**Prompt**.
Would you transcribe the records below from the line with "NISSAN Kicks 1.6" to the line with "2012 Catalina 355", ends included, exactly and with nothing more, leaving the pictures out?
**** Records shown
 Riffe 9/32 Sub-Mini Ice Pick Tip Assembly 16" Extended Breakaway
********
**** Records shown
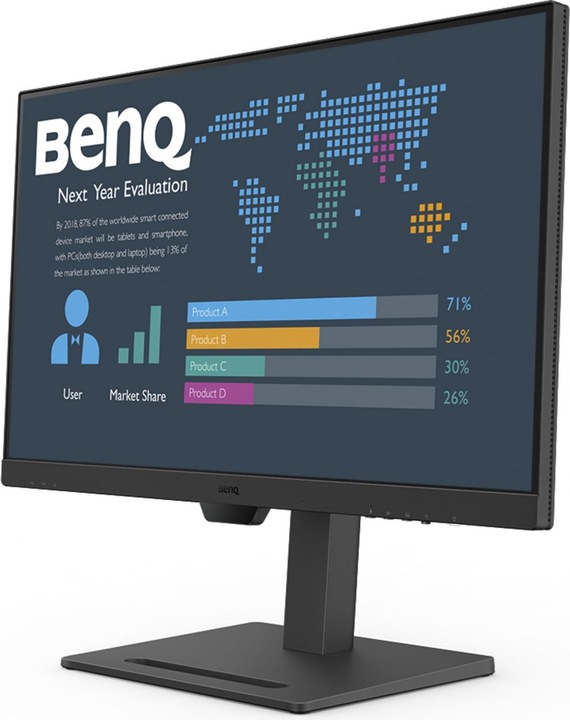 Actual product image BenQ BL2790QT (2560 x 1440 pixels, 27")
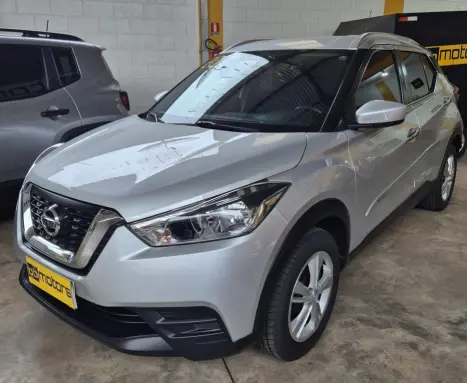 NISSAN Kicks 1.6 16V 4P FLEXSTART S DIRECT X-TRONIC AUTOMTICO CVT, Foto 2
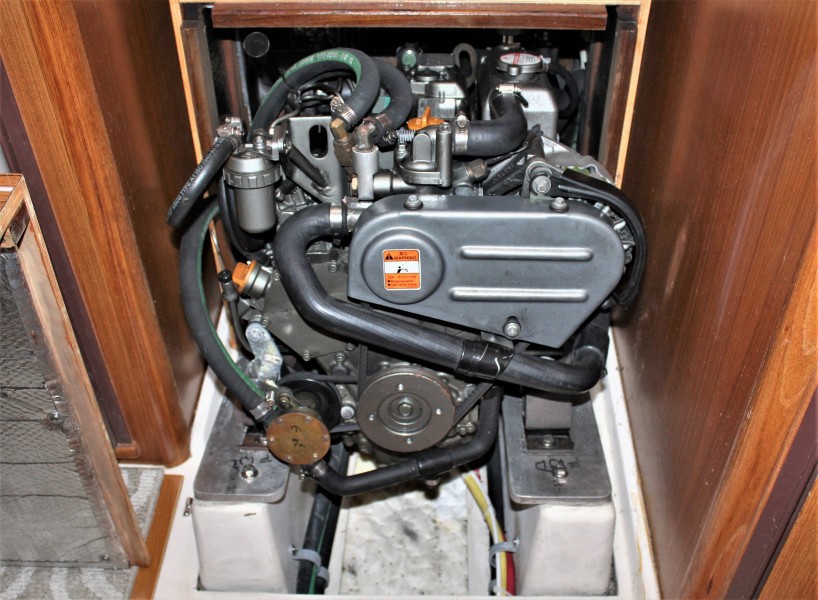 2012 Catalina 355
********
**** Records shown
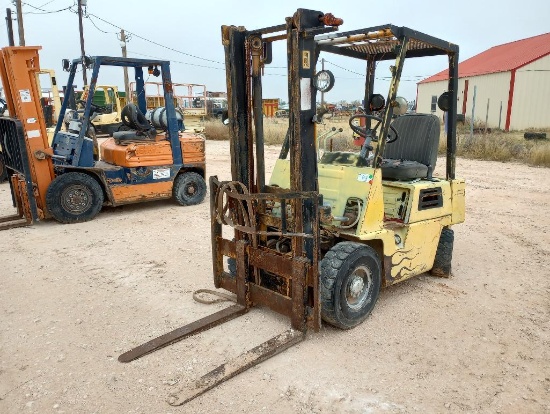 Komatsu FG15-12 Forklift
********
**Answer for the task**.
 NISSAN Kicks 1.6 16V 4P FLEXSTART S DIRECT X-TRONIC AUTOMTICO CVT, Foto 2
 2012 Catalina 355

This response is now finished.